So how do we model spatial patterns? The approach taken will depend on how one chooses to characterize the underlying process–this can be either a spatial trend model or a spatial clustering/dispersion model. This chapter focuses on the latter.

13.1 Global Moran’s I

Though our visual senses can, in some cases, discern clustered regions from non-clustered regions, the distinction may not always be so obvious. We must therefore come up with a quantitative and objective approach to quantifying the degree to which similar features cluster or disperse and where such clustering occurs. One popular measure of spatial autocorrelation is the Moran’s I coefficient.

13.1.1 Computing the Moran’s I

Let’s start with a working example: 2020 median per capita income for the state of Maine.

It may seem apparent that, when aggregated at the county level, the income distribution appears clustered with high counties surrounded by high counties and low counties surrounded by low counties. But a qualitative description may not be sufficient; we might want to quantify the degree to which similar (or dissimilar) counties are clustered. One measure of this type or relationship is the Moran’s I statistic.

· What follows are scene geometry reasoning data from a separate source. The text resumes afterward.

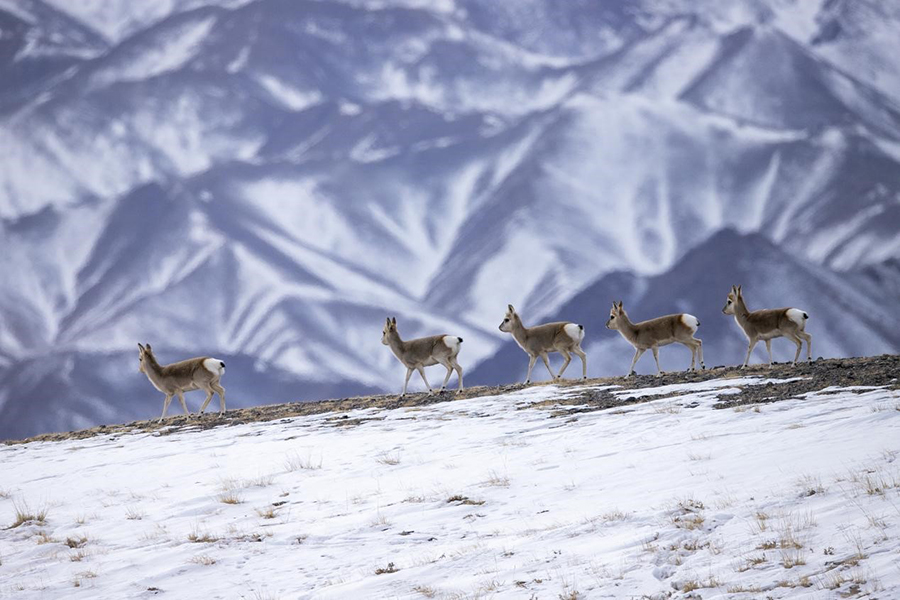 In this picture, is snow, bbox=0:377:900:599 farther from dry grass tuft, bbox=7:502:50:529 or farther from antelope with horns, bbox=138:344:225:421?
antelope with horns, bbox=138:344:225:421

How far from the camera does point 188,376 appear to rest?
27359 millimetres

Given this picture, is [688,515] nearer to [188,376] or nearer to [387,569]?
[387,569]

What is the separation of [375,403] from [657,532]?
15.4 metres

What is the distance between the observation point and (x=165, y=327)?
436ft

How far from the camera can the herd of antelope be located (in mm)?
24438

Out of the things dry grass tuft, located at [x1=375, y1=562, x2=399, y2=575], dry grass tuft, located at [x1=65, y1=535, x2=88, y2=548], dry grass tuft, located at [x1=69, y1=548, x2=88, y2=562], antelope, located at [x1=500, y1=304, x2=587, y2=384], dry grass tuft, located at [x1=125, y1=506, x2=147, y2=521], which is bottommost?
dry grass tuft, located at [x1=375, y1=562, x2=399, y2=575]

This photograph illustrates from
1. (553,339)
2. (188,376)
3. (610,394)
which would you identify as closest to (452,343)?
(553,339)

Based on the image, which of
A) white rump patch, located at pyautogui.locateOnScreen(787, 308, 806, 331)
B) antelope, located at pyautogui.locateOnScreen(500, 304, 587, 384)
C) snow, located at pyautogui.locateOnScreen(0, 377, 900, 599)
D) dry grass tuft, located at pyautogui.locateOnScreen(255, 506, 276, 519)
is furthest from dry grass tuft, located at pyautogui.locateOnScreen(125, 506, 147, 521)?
white rump patch, located at pyautogui.locateOnScreen(787, 308, 806, 331)

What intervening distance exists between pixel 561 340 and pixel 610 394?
20.5 ft

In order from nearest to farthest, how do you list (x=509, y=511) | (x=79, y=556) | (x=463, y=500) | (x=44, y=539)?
1. (x=79, y=556)
2. (x=509, y=511)
3. (x=463, y=500)
4. (x=44, y=539)

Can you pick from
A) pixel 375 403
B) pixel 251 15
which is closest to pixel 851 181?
pixel 251 15

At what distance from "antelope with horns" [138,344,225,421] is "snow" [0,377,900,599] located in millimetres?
8729

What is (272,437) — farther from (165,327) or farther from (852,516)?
(165,327)

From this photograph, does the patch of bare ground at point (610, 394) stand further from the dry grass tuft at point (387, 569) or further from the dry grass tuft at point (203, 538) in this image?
the dry grass tuft at point (203, 538)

The Moran’s I statistic is the correlation coefficient for the relationship between a variable (like income) and its neighboring values. But before we go about computing this correlation, we need to come up with a way to define a neighbor. One approach is to define a neighbor as being any contiguous polygon. For example, the northern most county (Aroostook), has four contiguous neighbors while the southern most county (York) has just two contiguous counties. Other neighborhood definitions can include distance bands (e.g. counties within 100 km) and k nearest neighbors (e.g. the 2 closest neighbors). Note that distance bands and k nearest neighbors are usually measured using the polygon’s centroids and not their boundaries.

Once we’ve defined a neighborhood for our analysis, we identify the neighbors for each polygon in our dataset then summaries the values for each neighborhood cluster (by computing their mean values, for example). This summarized neighborhood value is sometimes referred to as a spatially lagged value (Xlag). In our working example, we adopt a contiguity neighborhood and compute the average neighboring income value (Incomelag) for each county in our dataset. We then plot Incomelag vs. Income for each county. The Moran’s I coefficient between Incomelag and Income is nothing more than the slope of the least squares regression line that best fits the points after having equalized the spread between both sets of data.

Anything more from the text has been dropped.